Gauge Recorded on this Trip:
Manchester: ht/ft: 4.4 | cfs: 155

Recommended Levels:
This is the minimal recommend level. Ideally, look for 200-250 cfs to avoid scraping.

Put-In:
River Road, below the Monticello dam, Monticello, Iowa
GPS: 42.24535, -91.17217
Take-Out:
Eby’s Mill Road
GPS: 42.19804, -91.05659

Time: Put in at 11:45a. Out at 4:45p.
Total Time: 5h
Miles Paddled: 14.25

Wildlife:
Bald eagles, songbirds galore, turkey vultures, hawks, kingfishers, woodpeckers, and turtles.

Shuttle Information:
10 miles by vehicle on the south side of the river. Longer for bicyclists on the north side.


Background:
Nate Hoogeveen, author of the commendable guidebook, Paddling Iowa, highlights four exceptional stretches of the Maquoketa River across three counties, accounting for roughly 60 of its 150 total miles. However, these four trips are not equal in length or excellence. Trips 1 and 2 are nearly even at 10ish miles apiece, whereas Trip 3 is a big mac attack at 20 miles, and Trip 4 focuses on 14.5 miles (with recommended add-ons up to 25 miles). Accesses are everything, but the countryside the Maquoketa flows through alternates as well; some miles are staggeringly gorgeous, others humdrum or hemmed in by agriculture.

Weeks before this trip, I had first baptized my boat on the Maquoketa’s waters on subsequent segments downstream nearer Maquoketa Caves State Park. My socks were knocked off, my breath taken. The terrain and the topography alone were astonishing. But even if you hit a homerun on your first at-bat doesn’t mean you retire and walk away; you get back in the box and keep swinging, sometimes striking out (rarely) or settling for a single.

Capitalizing on the compelling allures of young spring, I returned to the Maquoketa a month later to paddle what seemed like the next best stretch according to the guidebook. Joining me for this trip were fellow Miles Paddlers, Scotty from Platteville and Maychel from Madison. Since it was a traveling day, taking on a 20-mile paddle seemed imprudent (especially when facing some menacing headwinds, mainly one two-mile stretch dead against them). So, instead of ending our trip at Highway 136 to match Maquoketa River 3, we opted for Eby’s Mill Road landing for about 14 miles. Besides, in those 5-ish final miles Hoogeveen writes “limestone outcroppings become smaller and less common” while lowland woods and croplands become more prominent. Meh.
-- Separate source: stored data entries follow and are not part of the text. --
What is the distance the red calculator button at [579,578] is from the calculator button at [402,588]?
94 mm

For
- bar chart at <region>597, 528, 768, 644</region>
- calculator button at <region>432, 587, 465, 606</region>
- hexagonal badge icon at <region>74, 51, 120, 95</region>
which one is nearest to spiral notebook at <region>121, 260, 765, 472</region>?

The Maquoketa is a big river by this point. On this trip its width averages from 100-200′. As such, it runs shallow. This is one of the character flaws of big rivers; their volume isn’t necessarily insufficient, but their considerable width ends up thinning out the amount of water, resulting in shallow conditions. The Maquoketa is mostly sand-lined, so scraping isn’t too much of an issue, but there are several gravel-based areas where you can expect to run aground. Wide rivers also correlate to wind-prone. Beware!

Overview:
You’ll want to park and launch close to the dam itself. (Following River Road to its dead-end only takes you to the outfitter’s operations.) Sandbars flank both banks of the river as riffles jet downstream from the dam. Off to the left is a dry-dock marina of rental canoes followed by the twin bridges of Highway 151 (the same highway that leads to the Capitol in Madison, incidentally – as well as Cedar Rapids, only 35 miles away). For about half a mile below the bridge, bluffs on both sides loom above the river. The scenery tapers to flat, sandy plains for the next two miles, scads of skeletal trees cluttering here and there. Broken rock rubble looking like the Pottery Barn’s worst fears come true lie along the banks, substantive chunks of boulders – some called “cottage-sized” in the guidebook – punctuating intermittently. The mouth of Tibetts Creek comes in on the left, after which the Maquoketa hangs a sharp right. Through a half-mile-long straightaway you might think, “OK, this is nice,” but just you wait! The river will abruptly curve to the left and begin snaking through a stunning canyon, big wooded bluffs boxing in on both sides.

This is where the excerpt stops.